Without any pictures, print the lines below from the one that has "Profile image of 타코" through the one that has "how-to-Get-Rid-of-Horse-Fly-with-spray", exactly and nothing else.

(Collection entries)
╭──

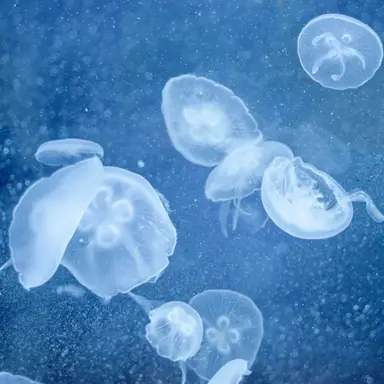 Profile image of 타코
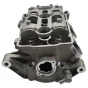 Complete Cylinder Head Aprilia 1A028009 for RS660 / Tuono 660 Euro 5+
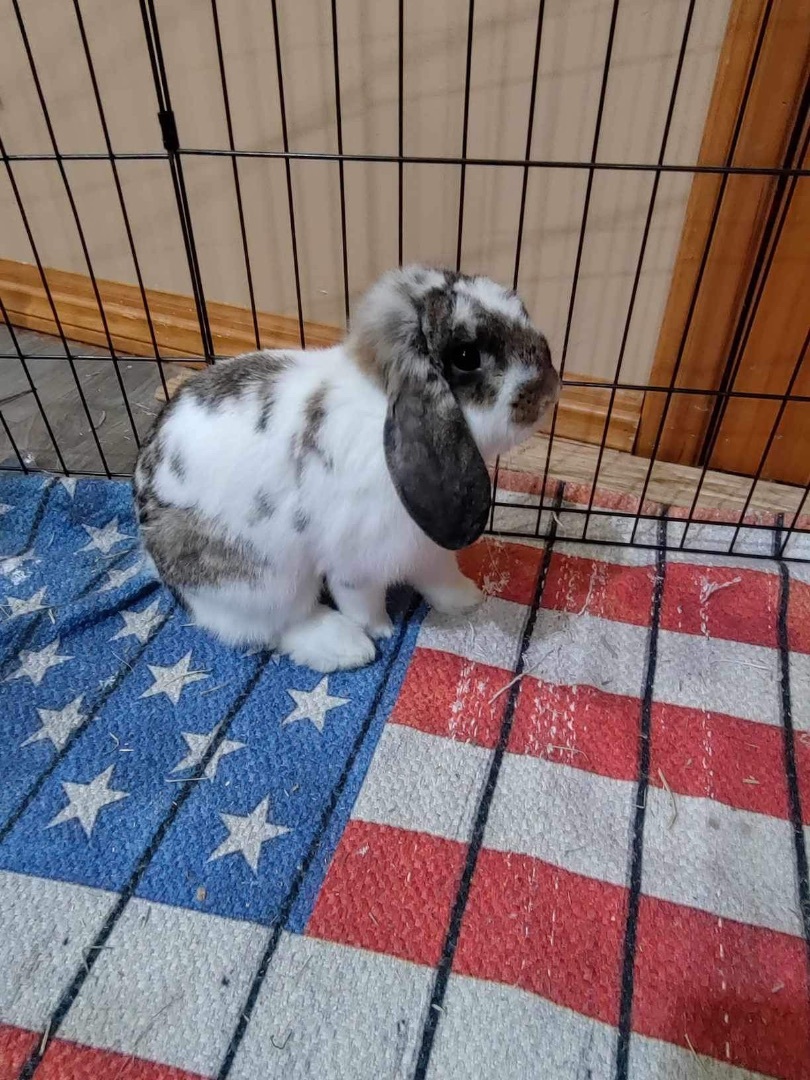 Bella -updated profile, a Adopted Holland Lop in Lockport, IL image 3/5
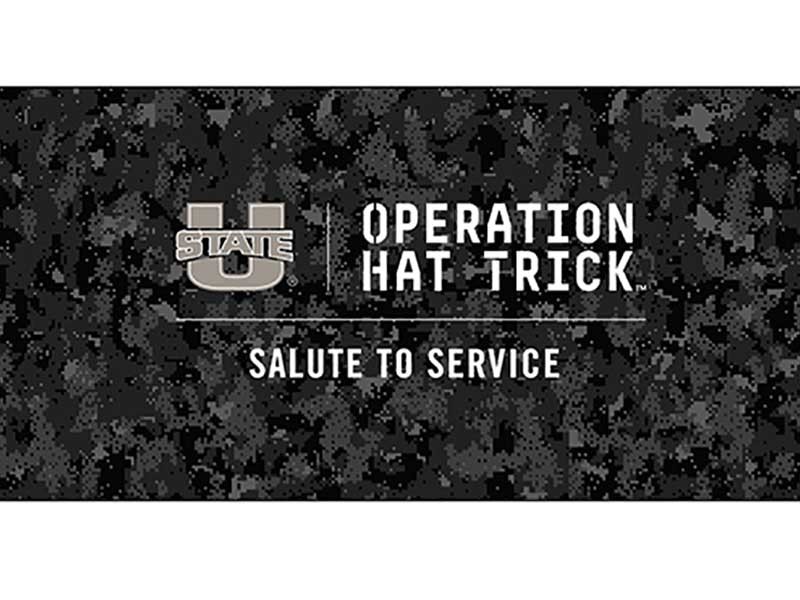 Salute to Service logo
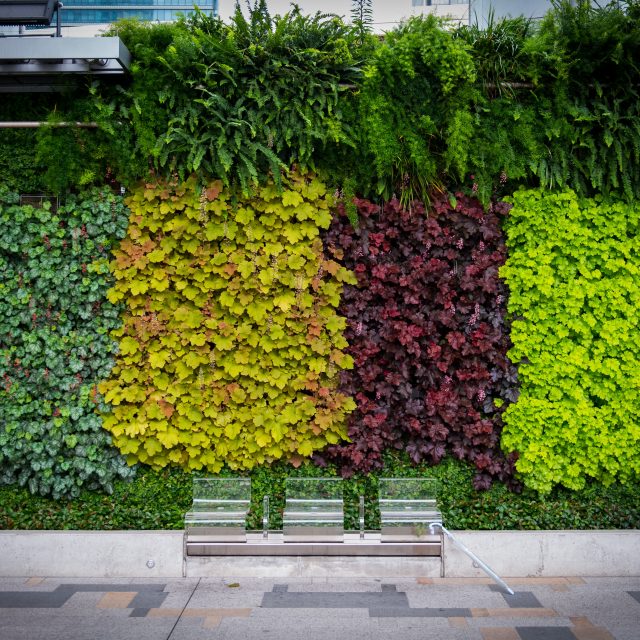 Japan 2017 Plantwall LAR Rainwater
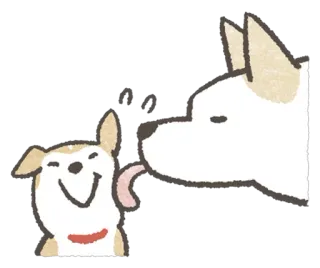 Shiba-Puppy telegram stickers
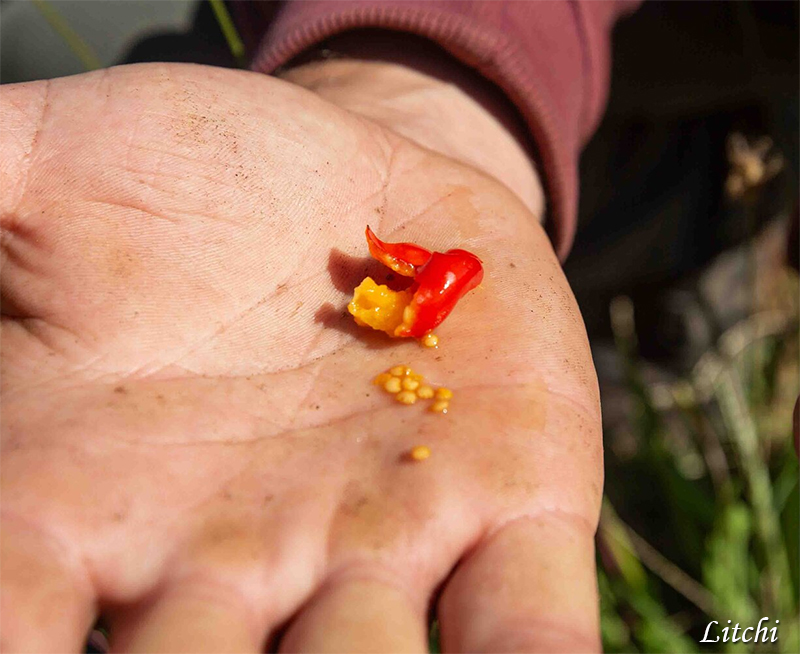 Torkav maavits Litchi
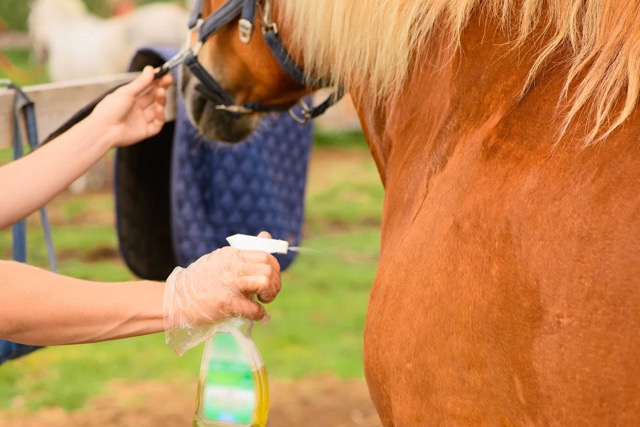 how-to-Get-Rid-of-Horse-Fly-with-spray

╰──
╭──

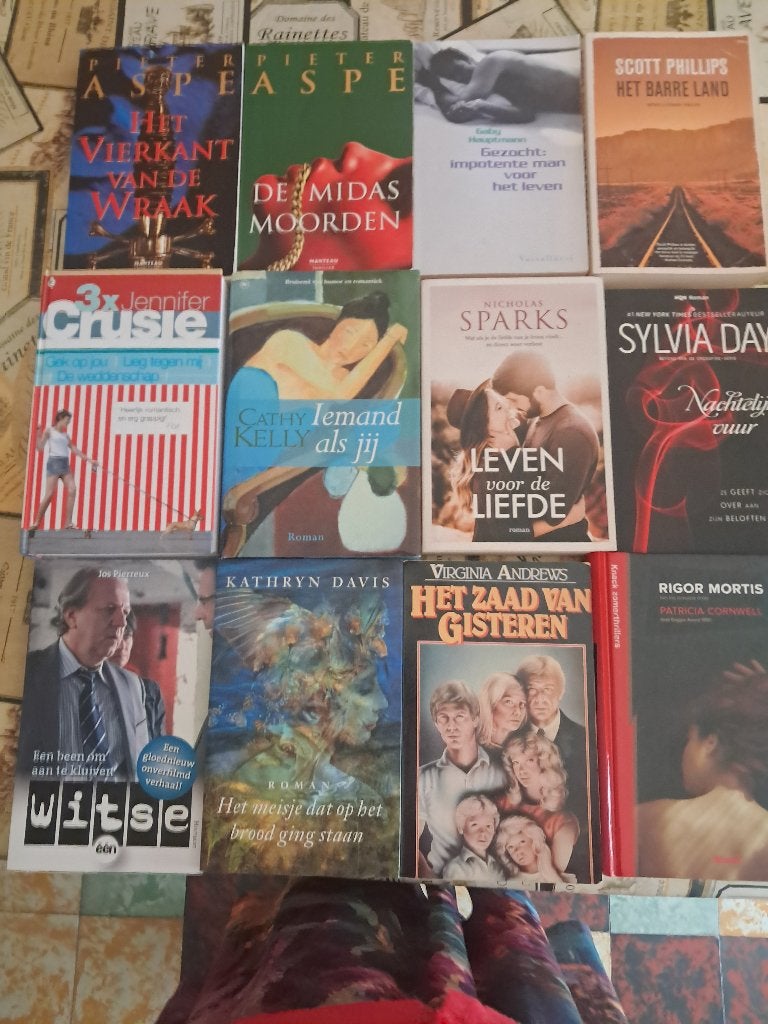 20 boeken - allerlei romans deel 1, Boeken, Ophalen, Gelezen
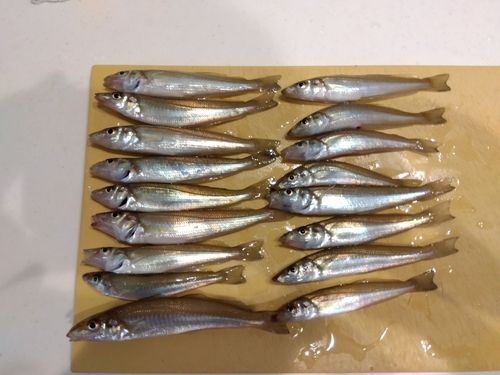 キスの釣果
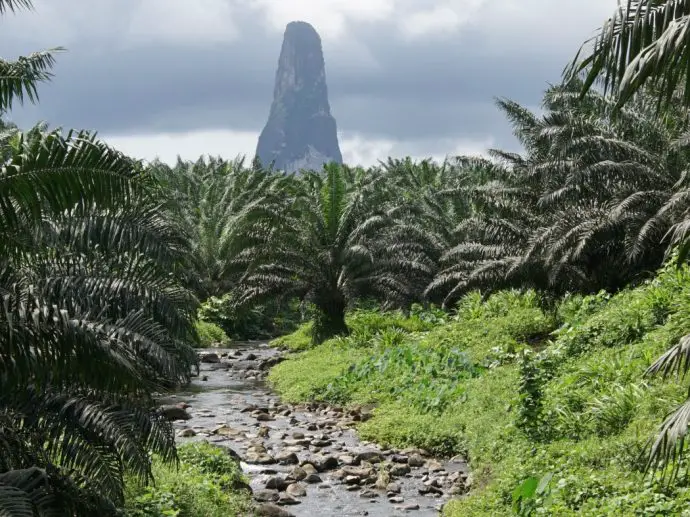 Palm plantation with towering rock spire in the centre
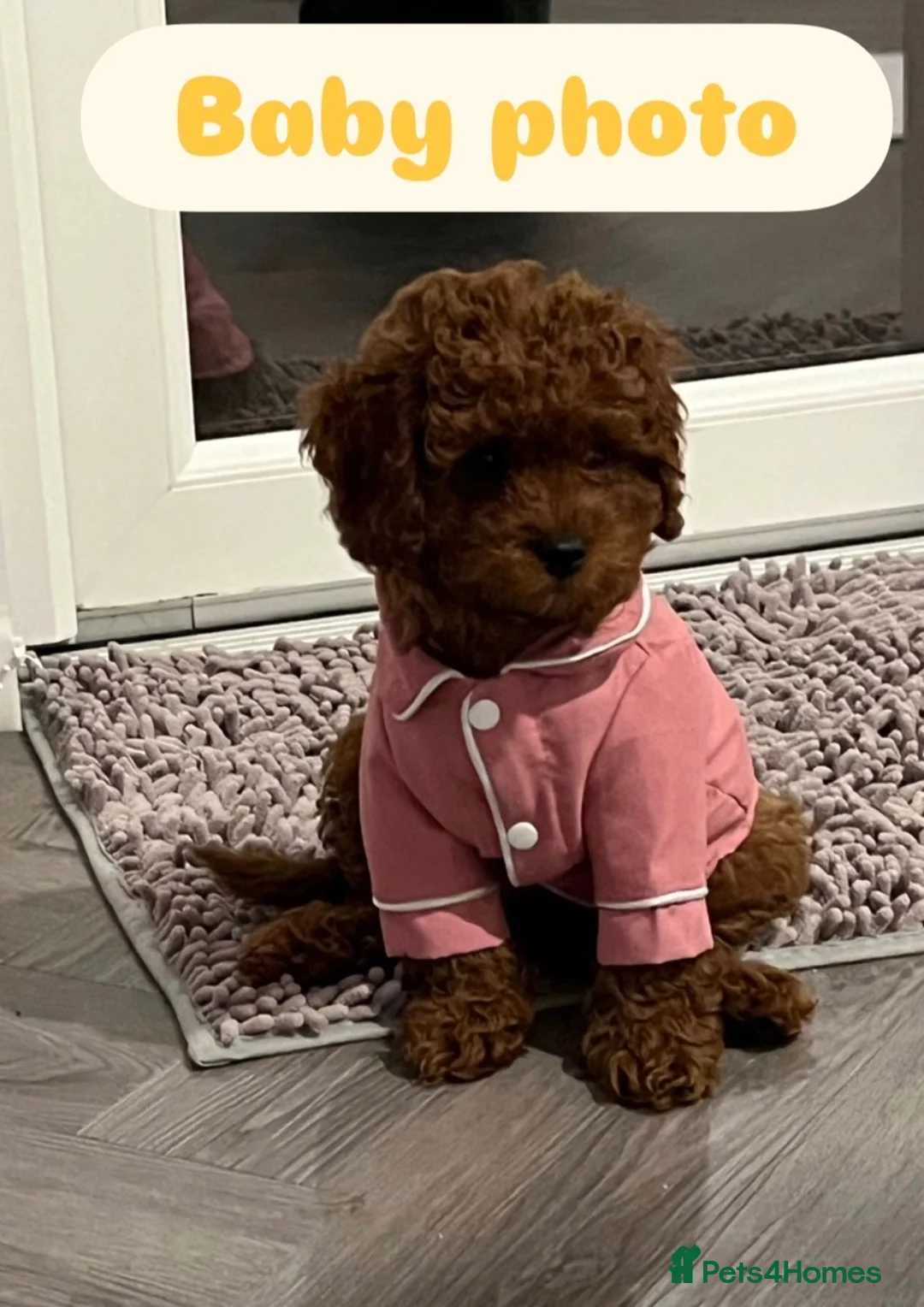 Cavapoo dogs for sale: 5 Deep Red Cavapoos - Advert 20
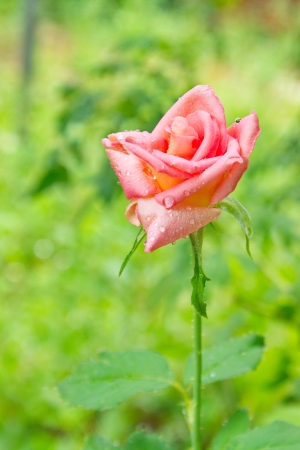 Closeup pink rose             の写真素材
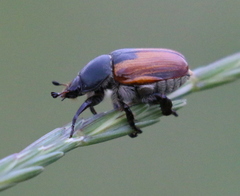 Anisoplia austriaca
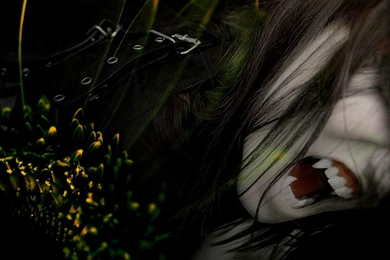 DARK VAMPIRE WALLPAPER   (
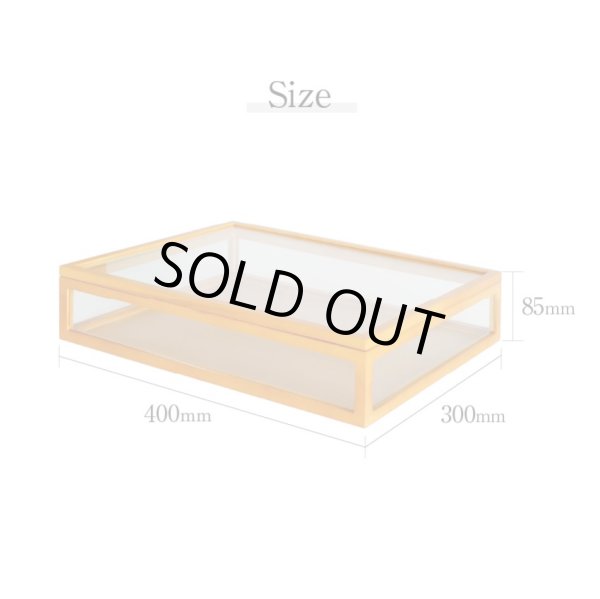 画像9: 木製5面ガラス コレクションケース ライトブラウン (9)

╰──

▶ Response area:
 Profile image of 타코
 Complete Cylinder Head Aprilia 1A028009 for RS660 / Tuono 660 Euro 5+
 Bella -updated profile, a Adopted Holland Lop in Lockport, IL image 3/5
 Salute to Service logo
 Japan 2017 Plantwall LAR Rainwater
 Shiba-Puppy telegram stickers
 Torkav maavits Litchi
 how-to-Get-Rid-of-Horse-Fly-with-spray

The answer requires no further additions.